[[ Data extract open ]]
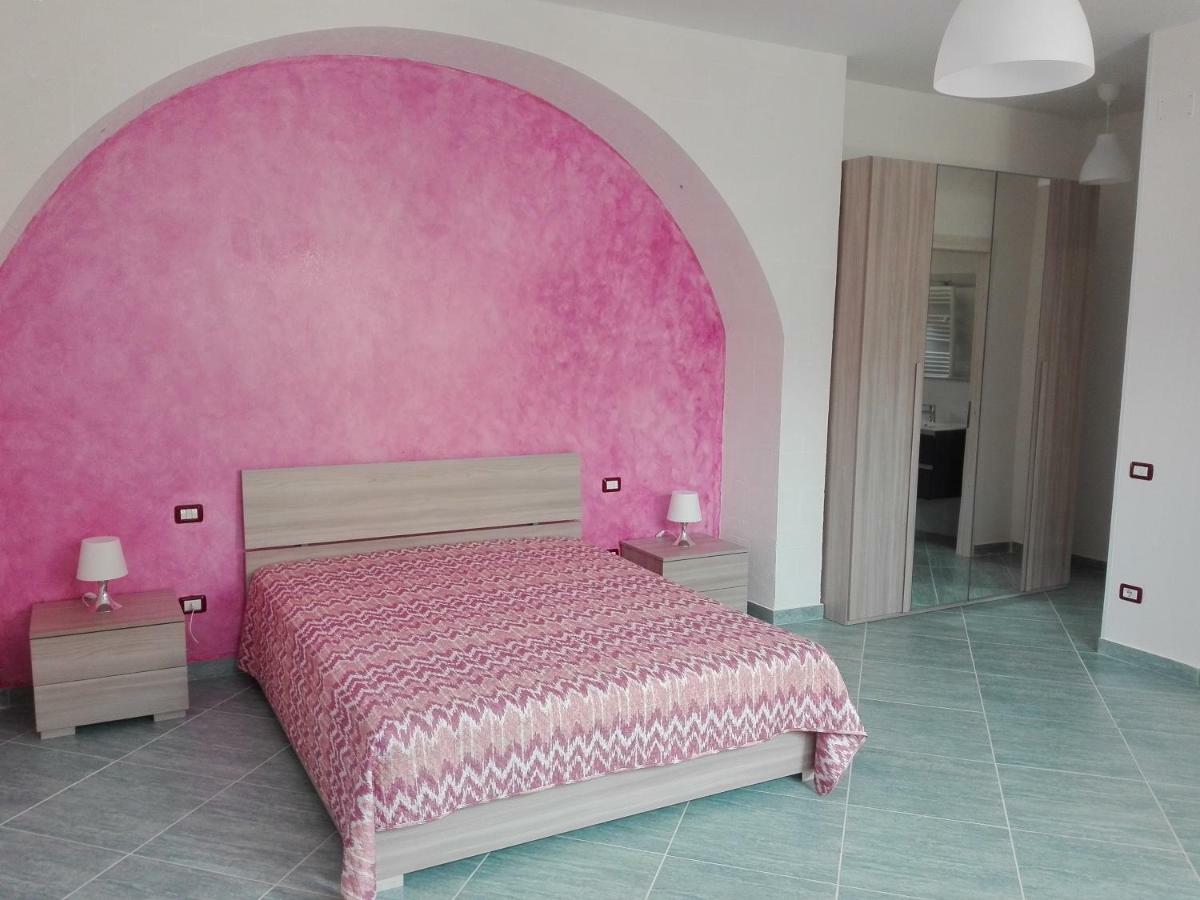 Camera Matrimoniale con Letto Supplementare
[[ Data extract closed ]]
[[ Data extract open ]]
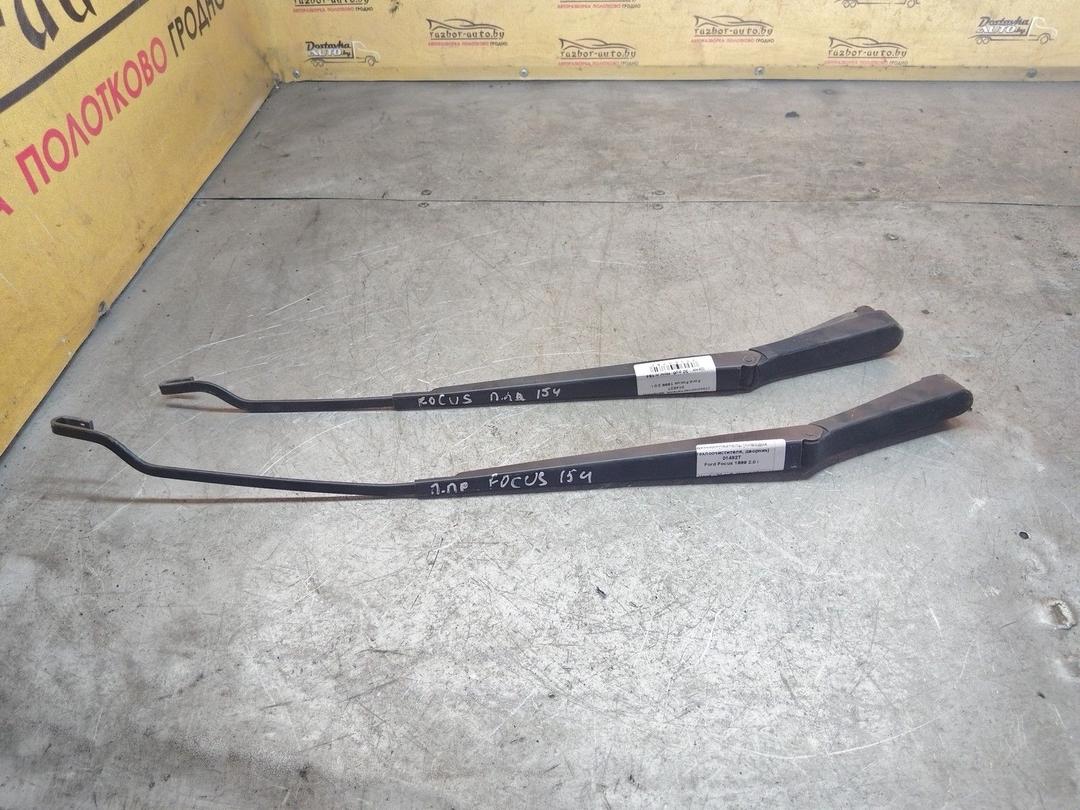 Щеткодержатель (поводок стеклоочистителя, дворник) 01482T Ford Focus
[[ Data extract closed ]]
[[ Data extract open ]]
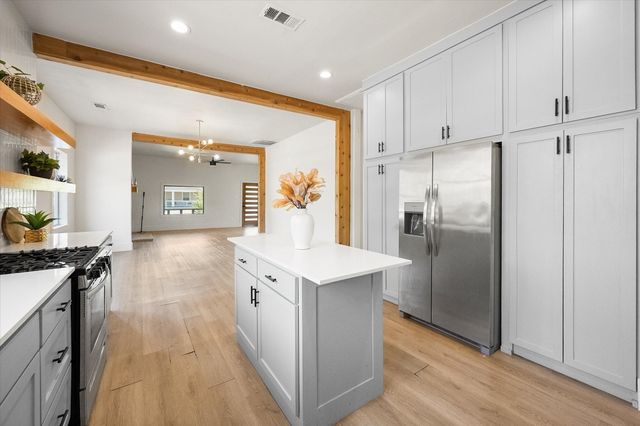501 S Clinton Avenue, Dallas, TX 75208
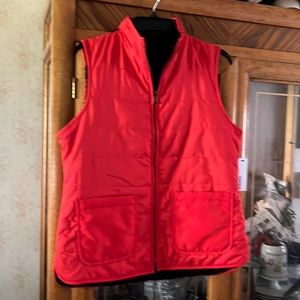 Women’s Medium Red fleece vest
[[ Data extract closed ]]
Exercise brief:
Line for line, output the entries above from the line with "501 S Clinton Avenue, Dallas, TX 75208" to the line with "Women’s Medium Red fleece vest", both included, and nothing more. Skip pictures.

Answer box:
501 S Clinton Avenue, Dallas, TX 75208
 Women’s Medium Red fleece vest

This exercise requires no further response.